··· Provided records ···

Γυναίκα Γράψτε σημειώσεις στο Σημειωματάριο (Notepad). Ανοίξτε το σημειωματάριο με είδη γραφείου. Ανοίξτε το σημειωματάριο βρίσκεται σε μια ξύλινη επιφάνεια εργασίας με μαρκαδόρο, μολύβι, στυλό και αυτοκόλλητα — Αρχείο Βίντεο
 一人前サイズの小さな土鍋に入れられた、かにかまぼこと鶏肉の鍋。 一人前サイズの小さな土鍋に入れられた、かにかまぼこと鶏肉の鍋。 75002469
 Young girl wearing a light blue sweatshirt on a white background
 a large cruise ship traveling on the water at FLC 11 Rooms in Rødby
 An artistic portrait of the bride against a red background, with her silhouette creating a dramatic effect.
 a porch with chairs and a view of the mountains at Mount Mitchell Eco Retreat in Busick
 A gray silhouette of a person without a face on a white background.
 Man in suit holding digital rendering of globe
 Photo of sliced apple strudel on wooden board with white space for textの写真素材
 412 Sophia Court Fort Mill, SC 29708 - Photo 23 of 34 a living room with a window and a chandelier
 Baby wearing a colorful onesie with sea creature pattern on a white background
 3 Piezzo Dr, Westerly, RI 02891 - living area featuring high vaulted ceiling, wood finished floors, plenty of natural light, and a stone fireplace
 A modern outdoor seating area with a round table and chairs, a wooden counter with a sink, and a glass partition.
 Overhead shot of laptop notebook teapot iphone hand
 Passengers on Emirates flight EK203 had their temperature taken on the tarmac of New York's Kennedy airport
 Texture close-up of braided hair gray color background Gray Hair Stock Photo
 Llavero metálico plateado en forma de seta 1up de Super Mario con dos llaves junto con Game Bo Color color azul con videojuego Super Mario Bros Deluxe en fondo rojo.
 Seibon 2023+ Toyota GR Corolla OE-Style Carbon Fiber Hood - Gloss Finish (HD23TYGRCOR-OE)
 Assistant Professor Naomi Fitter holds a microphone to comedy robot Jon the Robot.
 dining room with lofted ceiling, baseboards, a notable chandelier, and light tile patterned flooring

···

◆ What is being asked ◆
Please restate each record exactly as it reads.

◆ Task solution ◆
Γυναίκα Γράψτε σημειώσεις στο Σημειωματάριο (Notepad). Ανοίξτε το σημειωματάριο με είδη γραφείου. Ανοίξτε το σημειωματάριο βρίσκεται σε μια ξύλινη επιφάνεια εργασίας με μαρκαδόρο, μολύβι, στυλό και αυτοκόλλητα — Αρχείο Βίντεο
 一人前サイズの小さな土鍋に入れられた、かにかまぼこと鶏肉の鍋。 一人前サイズの小さな土鍋に入れられた、かにかまぼこと鶏肉の鍋。 75002469
 Young girl wearing a light blue sweatshirt on a white background
 a large cruise ship traveling on the water at FLC 11 Rooms in Rødby
 An artistic portrait of the bride against a red background, with her silhouette creating a dramatic effect.
 a porch with chairs and a view of the mountains at Mount Mitchell Eco Retreat in Busick
 A gray silhouette of a person without a face on a white background.
 Man in suit holding digital rendering of globe
 Photo of sliced apple strudel on wooden board with white space for textの写真素材
 412 Sophia Court Fort Mill, SC 29708 - Photo 23 of 34 a living room with a window and a chandelier
 Baby wearing a colorful onesie with sea creature pattern on a white background
 3 Piezzo Dr, Westerly, RI 02891 - living area featuring high vaulted ceiling, wood finished floors, plenty of natural light, and a stone fireplace
 A modern outdoor seating area with a round table and chairs, a wooden counter with a sink, and a glass partition.
 Overhead shot of laptop notebook teapot iphone hand
 Passengers on Emirates flight EK203 had their temperature taken on the tarmac of New York's Kennedy airport
 Texture close-up of braided hair gray color background Gray Hair Stock Photo
 Llavero metálico plateado en forma de seta 1up de Super Mario con dos llaves junto con Game Bo Color color azul con videojuego Super Mario Bros Deluxe en fondo rojo.
 Seibon 2023+ Toyota GR Corolla OE-Style Carbon Fiber Hood - Gloss Finish (HD23TYGRCOR-OE)
 Assistant Professor Naomi Fitter holds a microphone to comedy robot Jon the Robot.
 dining room with lofted ceiling, baseboards, a notable chandelier, and light tile patterned flooring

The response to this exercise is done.